Before closing my remarks on this head, I will add the observation that the
American decisions on the subject have not been overlooked, and that it is
quite understood that the weight of such decisions is in favor of
considering the English doctrine relating to this topic, even as it relates
to advocates, as obsolete and inapplicable to the times. All I wish to say
is, that I cannot concur in this view, for the rule in question has always
flourished in full vigor as a part of the common law, and has never, during
any interval of time, fallen into disuse; and that as its only foundation
was its supposed efficacy in sustaining the honorable standing of the
advocate, I can by no means admit that such a rule is alien to the
professional ethics of this country. The principle that the advocate cannot
stipulate with his client for his perquisites, is one of the established
customs of our inherited jurisprudence, and is entirely consistent with our
social conditions, and, therefore, in my opinion, is not to be eliminated
except by legislation.

The second objection to the maintenance of this suit is that the agreement
sued on is champertous.

The engagement of the client in the present case was that the attorney
should, if successful in the suit, be entitled to a certain part of the
moneys thus recovered, and such an agreement, I am satisfied, would be
champertous by force of the ancient English statutes. It was urged, on the
argument, that a stipulation to bear the expenses of the litigation is an
essential ingredient in the offence of champerty, and that there was no such
stipulation in this case; but the authorities do not sustain, but, on the
contrary, they overthrow this contention.
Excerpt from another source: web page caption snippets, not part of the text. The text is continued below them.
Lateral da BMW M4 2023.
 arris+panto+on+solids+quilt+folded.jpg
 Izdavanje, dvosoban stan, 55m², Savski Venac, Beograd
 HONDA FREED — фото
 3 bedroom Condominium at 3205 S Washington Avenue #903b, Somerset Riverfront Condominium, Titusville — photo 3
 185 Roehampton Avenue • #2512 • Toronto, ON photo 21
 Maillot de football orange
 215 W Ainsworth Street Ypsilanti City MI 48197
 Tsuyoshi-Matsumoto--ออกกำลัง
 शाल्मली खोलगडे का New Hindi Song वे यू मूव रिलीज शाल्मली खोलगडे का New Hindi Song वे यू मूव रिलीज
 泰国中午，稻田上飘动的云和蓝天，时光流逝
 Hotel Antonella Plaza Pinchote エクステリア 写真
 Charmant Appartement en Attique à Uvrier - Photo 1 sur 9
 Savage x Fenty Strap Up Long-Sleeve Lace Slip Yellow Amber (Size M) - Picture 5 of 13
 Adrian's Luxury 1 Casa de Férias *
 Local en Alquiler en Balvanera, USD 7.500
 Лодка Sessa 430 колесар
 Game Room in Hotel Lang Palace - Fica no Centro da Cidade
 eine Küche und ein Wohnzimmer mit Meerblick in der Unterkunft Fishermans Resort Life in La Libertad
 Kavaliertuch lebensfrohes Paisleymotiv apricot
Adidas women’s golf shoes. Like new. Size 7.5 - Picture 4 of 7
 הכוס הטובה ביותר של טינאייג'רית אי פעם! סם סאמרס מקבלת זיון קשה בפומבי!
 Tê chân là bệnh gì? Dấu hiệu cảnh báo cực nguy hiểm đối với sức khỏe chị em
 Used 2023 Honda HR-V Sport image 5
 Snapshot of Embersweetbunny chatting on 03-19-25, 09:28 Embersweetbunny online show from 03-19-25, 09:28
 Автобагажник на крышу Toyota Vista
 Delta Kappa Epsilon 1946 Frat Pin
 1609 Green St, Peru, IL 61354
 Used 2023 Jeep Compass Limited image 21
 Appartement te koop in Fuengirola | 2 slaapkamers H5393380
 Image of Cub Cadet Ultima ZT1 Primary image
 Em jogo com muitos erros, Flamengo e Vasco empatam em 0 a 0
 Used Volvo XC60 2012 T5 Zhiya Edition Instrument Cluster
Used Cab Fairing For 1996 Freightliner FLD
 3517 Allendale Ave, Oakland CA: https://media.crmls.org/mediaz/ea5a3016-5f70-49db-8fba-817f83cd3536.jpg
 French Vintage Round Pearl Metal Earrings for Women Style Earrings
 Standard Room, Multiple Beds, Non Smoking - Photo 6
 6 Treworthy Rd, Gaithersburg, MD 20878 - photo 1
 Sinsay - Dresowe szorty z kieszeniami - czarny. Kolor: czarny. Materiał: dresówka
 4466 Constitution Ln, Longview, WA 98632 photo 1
Lord Coke, in 2 Inst. 564, says,
treating of champerty, “an apprentice or attorney cannot contract to have
any part of the thing in demand, after the recovery;” and in Box v. Barnaby,
Hob. 117, the similar view of Chief Justice Hobart is thus expressed: “I
hold that if an attorney follow a cause to be paid in gross, when it is
recovered, that is champerty.” The consent of the attorney to give his
services is in effect a stipulation to contribute largely to the ordinary
expense of a suit, and, consequently, it would seem to follow, reasoning
upon general principles, that such an arrangement must be deemed illegal
wherever the statutes in question are in force. Entertaining this view, the
only remaining question is whether the English statutory or common law,
touching this subject, has been adopted in this state.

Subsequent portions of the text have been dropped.